Yes, HGVC website states that they're double beds (also known as full).


----------



## alwysonvac (Jan 26, 2013)

Here's some photos of the Lagoon Tower one bedroom plus from 2010 - http://www.flickr.com/photos/40089311@N05/sets/72157623716277326/show/
NOTE: The furniture has been replaced.

RESORT NEWS
The Lagoon Tower has started replacing the major kitchen applicances (stove, fridge, dishwasher and microwave). It will be black instead of white.  They were replacing the appliances on the 23rd floor while we were there. The replace of all major applicances in the Lagoon Tower will be completed this year. 

The kitchen cabinets are also scheduled to be replaced (from white to wood) similiar to Grand Waikikian and Kalia towers. I don't remember the timeframe for the cabinet replacement.


----------



## slum808 (Jan 26, 2013)

alwysonvac said:


> Yes, HGVC website states that they're double beds (also known as full).



Interesting, is there still a pull out in the living room? Wondering how many you could fit in there.


----------



## alwysonvac (Jan 27, 2013)

slum808 said:


> Interesting, is there still a pull out in the living room? Wondering how many you could fit in there.



According to the website, there's a full size sleeper sofa.
My HGVC confirmation email states maximum occupancy 4.


----------



## vacationbear (Oct 26, 2013)

Hello alwaysonvac
Great pictures indeed!  

This past July we stayed in the Lagoon Tower, 23rd floor penthouse, 3bd Plus.
Very nice view of the Waikiki marina / ocean and this uuuuuugly hotel right in front of us.  
We also toured a 2bd penthouse in the GW, I guess around the 17th floor.

In both rooms we noticed noise (although it did not matter much to us...), not from the kids rejoicing in the paradise pool but from something else. Street noise possibly, AC equipment from surrounding hotels? Not sure.

Question for you regarding noise:
LT: did you notice any noise levels which you deemed disturbing?

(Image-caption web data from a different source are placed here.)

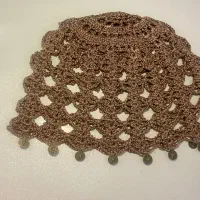 کلاه بافتنی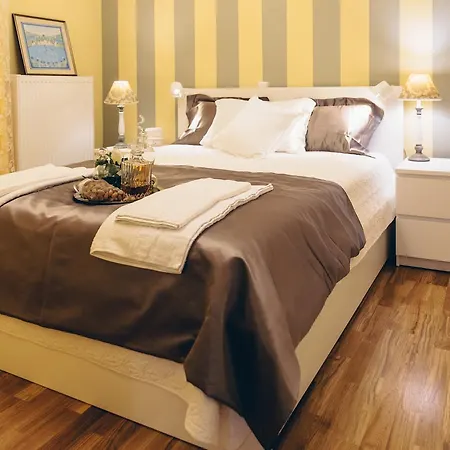 Alex Luxury Διαμέρισμα PalaiónTsiflíkion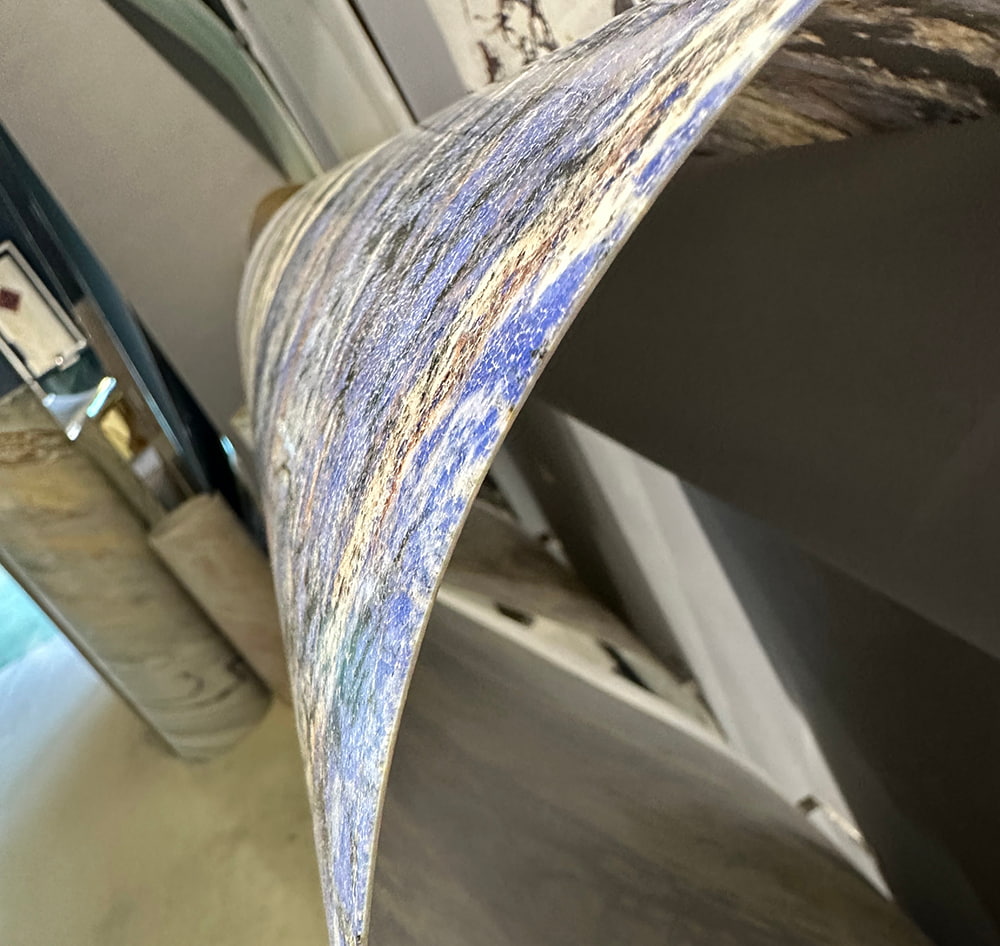 Lightweight Stone Panel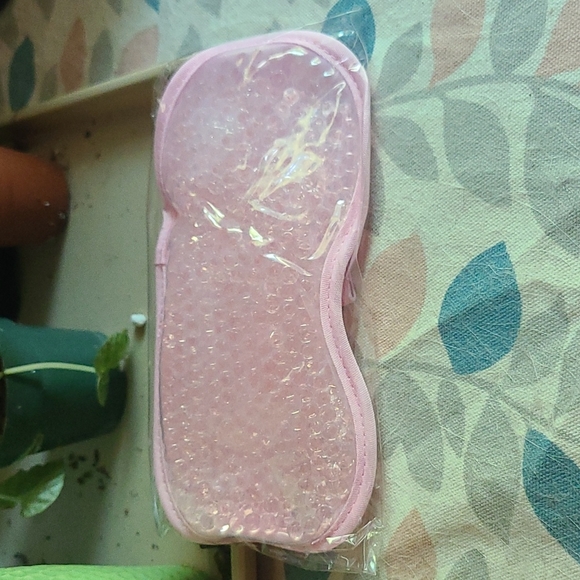 Sleep mask - Picture 2 of 3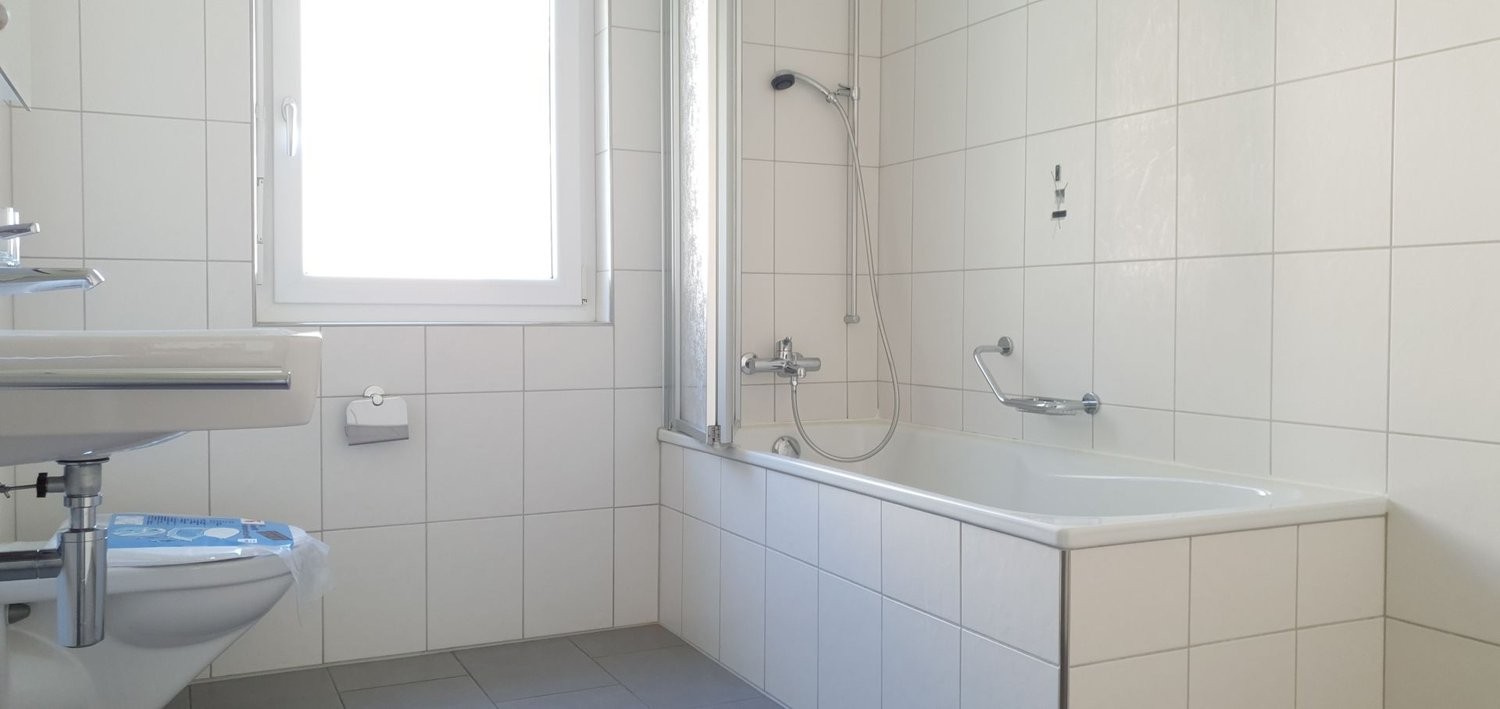 3 ½ pièces appartement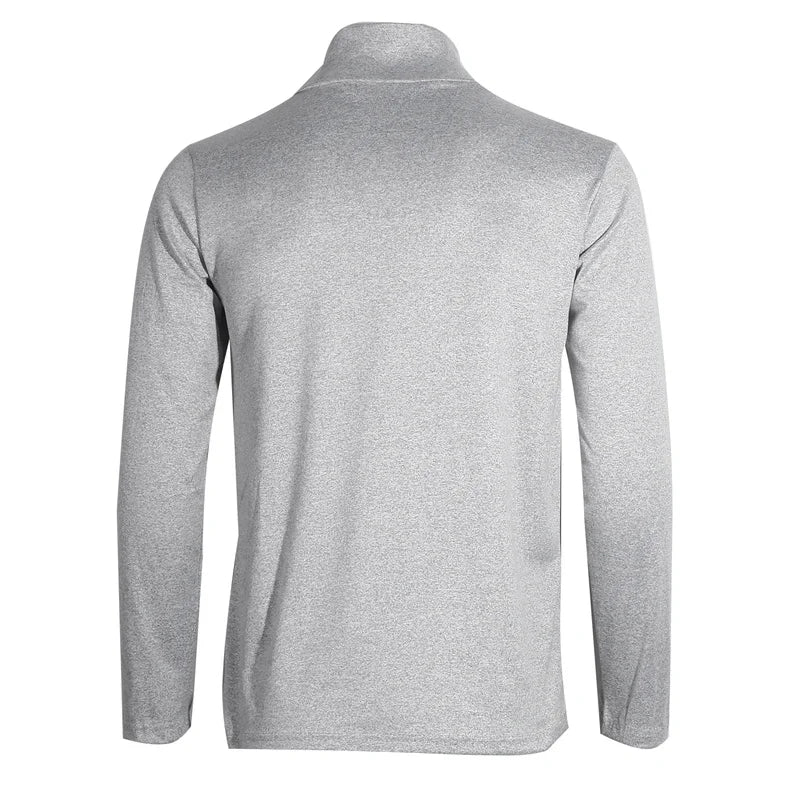 Thermal Underwear Tops Men Winter Clothes Thermal Shirt Autumn Men&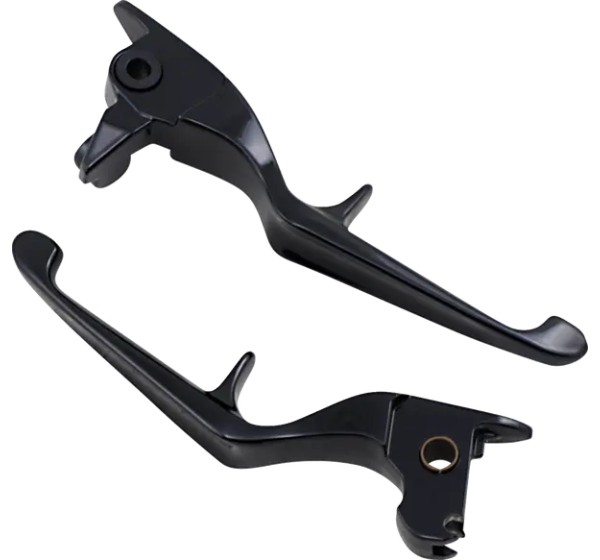 KURYAKYN Griffarmaturen & Hebel für Harley Davidson FLHTCU 1690 ABS 2014-2016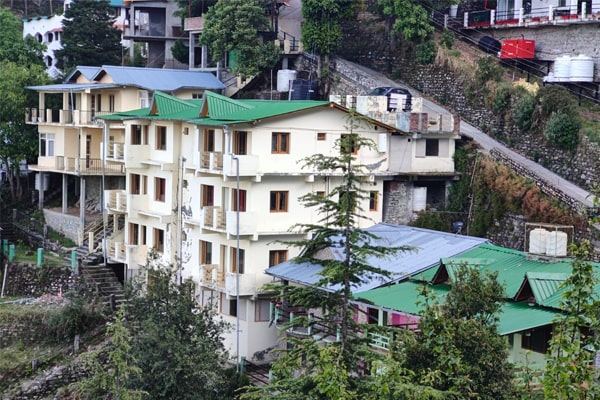 Ramgarh Hotels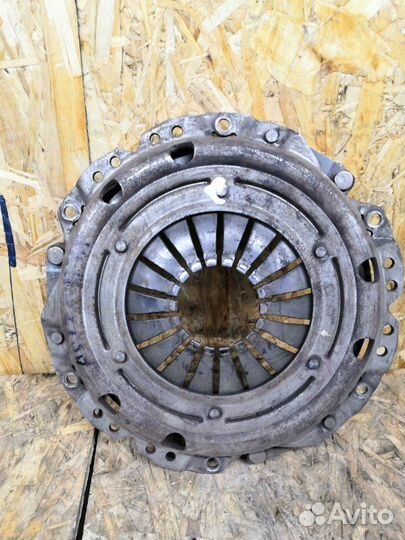 Корзина сцепления Opel Astra H седан 1.8 2011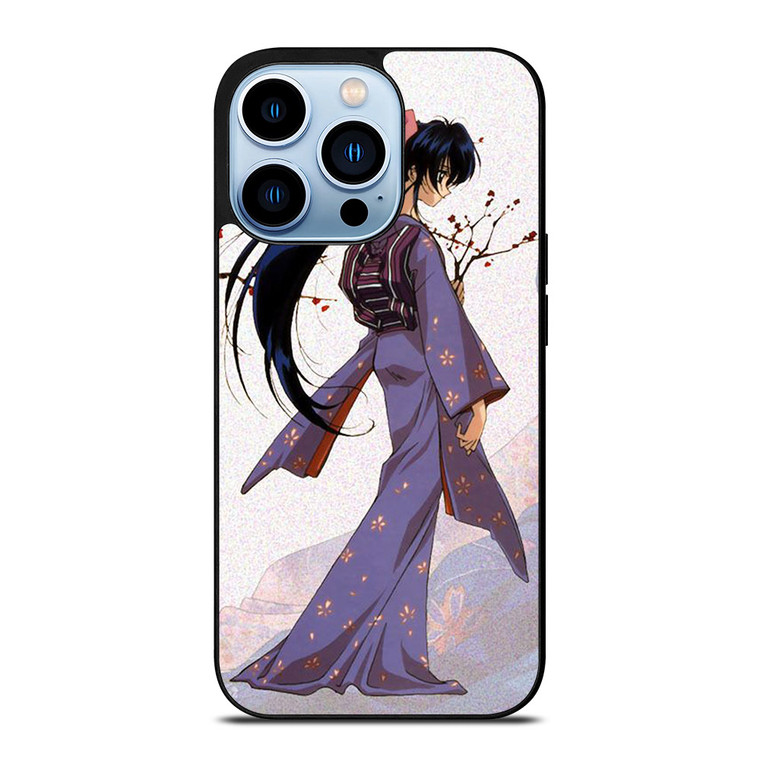 KAMIYA KAORU ANIME iPhone 13 Pro Max Case KAMIYA KAORU ANIME iPhone 13 Pro Max Case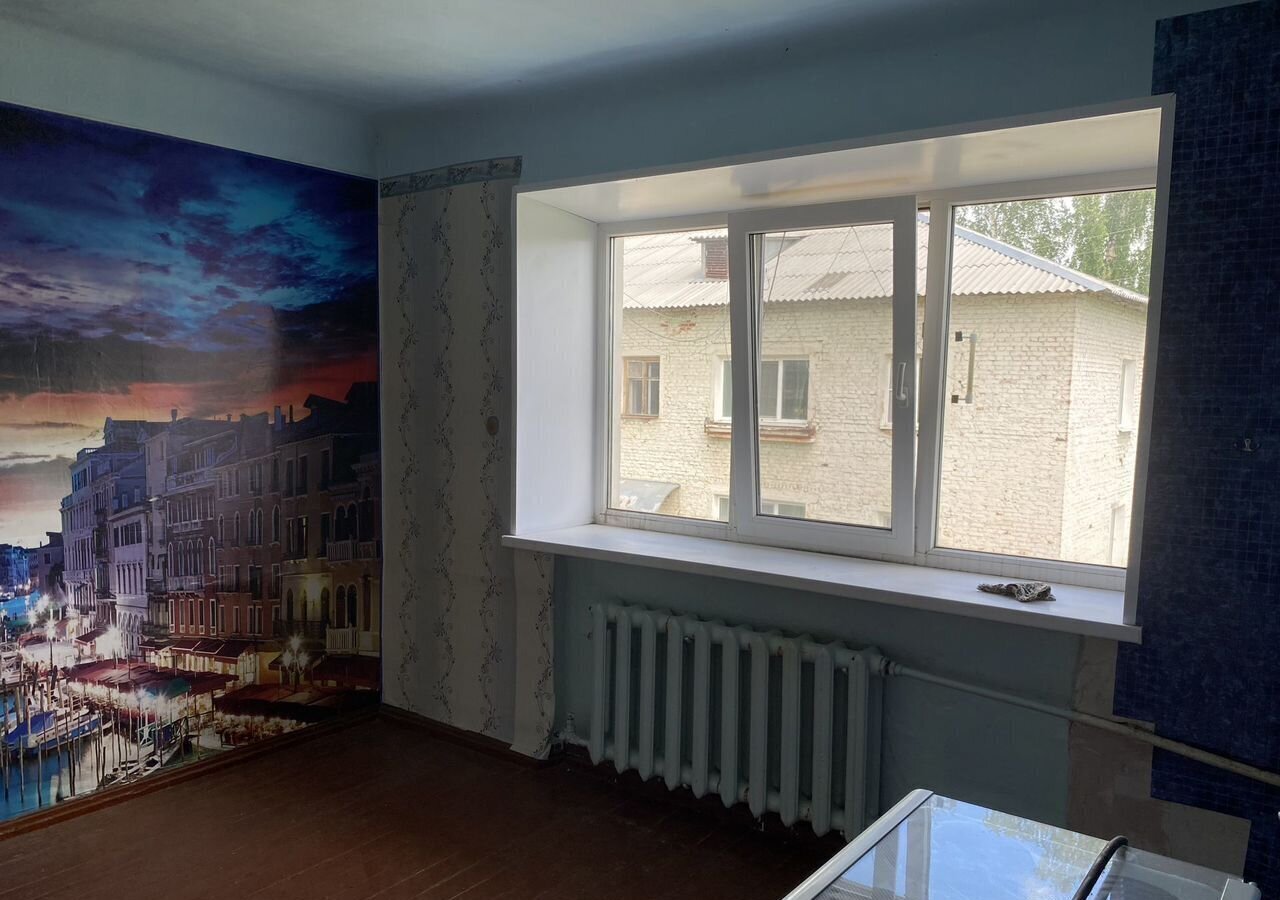 квартира г Нижняя Салда ул Новая 6 фото 5
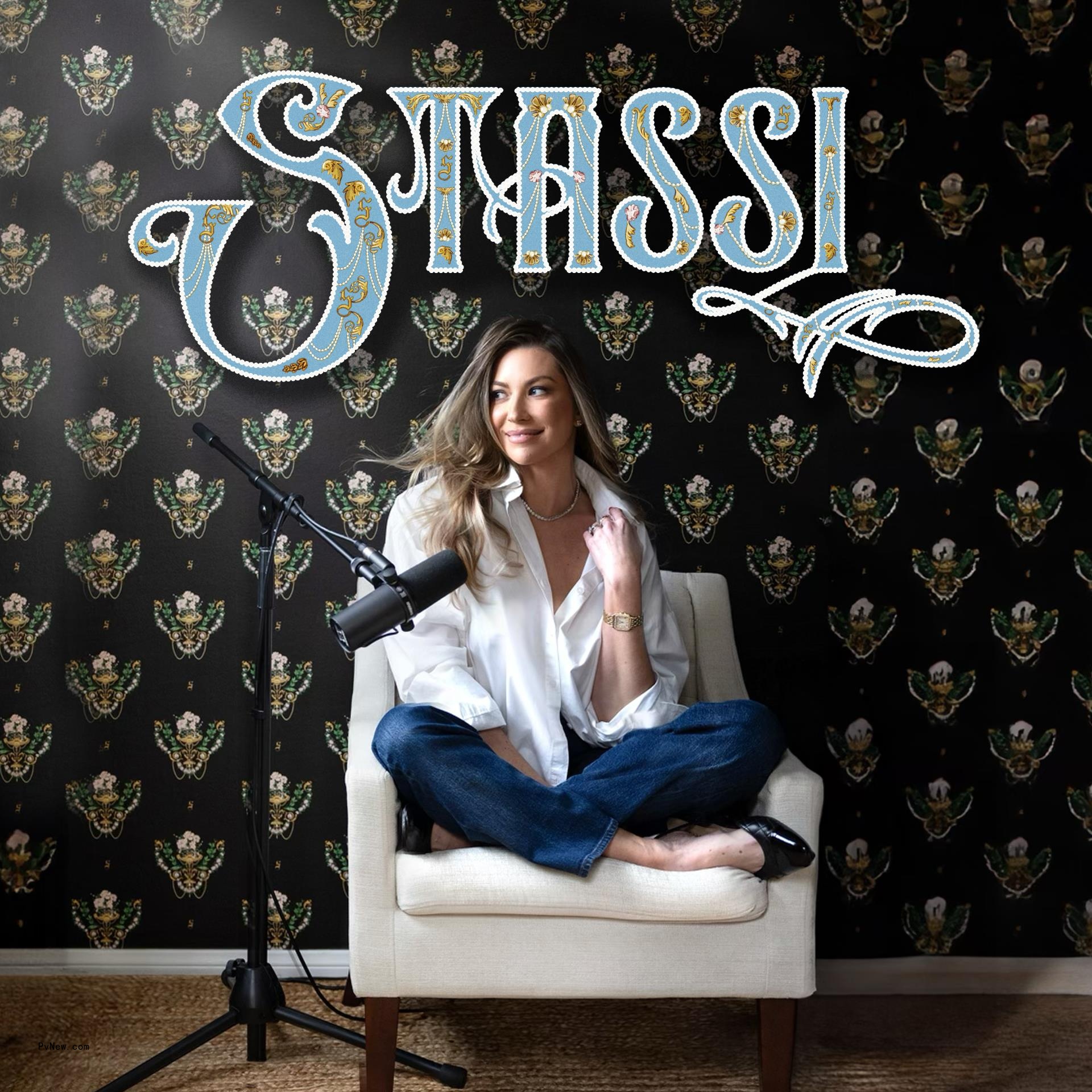Stassi Schroeder Clark, Former ‘Vanderpump Rules’ Star, Brings Her Weekly Podcast to Dear Media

Any undue noise from the Luau show?

GW: same question, yet the views don't seem to be that great. You were close to Ala Moana Blvd? It would appear that one has to spend a ton of points to get into the premium rooms, not plus...


----------



## dougp26364 (Oct 26, 2013)

Great pictures. Which did you prefer, Lagoon or Grand Waikakian? While we enjoyed our stay in the GW we really prefered the location and balcony of the LT. If we were to go back I think we'd try reserving in Kalia Tower just to see how we enjoyed those units for comparison.


----------



## alwysonvac (Oct 26, 2013)

vacationbear said:


> Question for you regarding noise:
> LT: did you notice any noise levels which you deemed disturbing? Any undue noise from the Luau show?



The Hilton Hawaiian Village (HHV) is a busy place. There is always some sort of noise at HHV until all of the live entertainment dies down (between midnight and the early morning hours)  
HHV newsletter - http://www.hiltonhawaiianvillage.com/docs/events-calendar.pdf

At the Lagoon Tower, I've stayed in the rooms facing the Rainbow Tower/Diamond Head, rooms directly facing the ocean (two bedroom premier) and rooms on the penthouse floor (two bedroom premier and three bedroom plus).
NOTE: I haven't stayed in the Lagoon Tower rooms facing the Aqua llikai Hotel & Suites (the landmark green building)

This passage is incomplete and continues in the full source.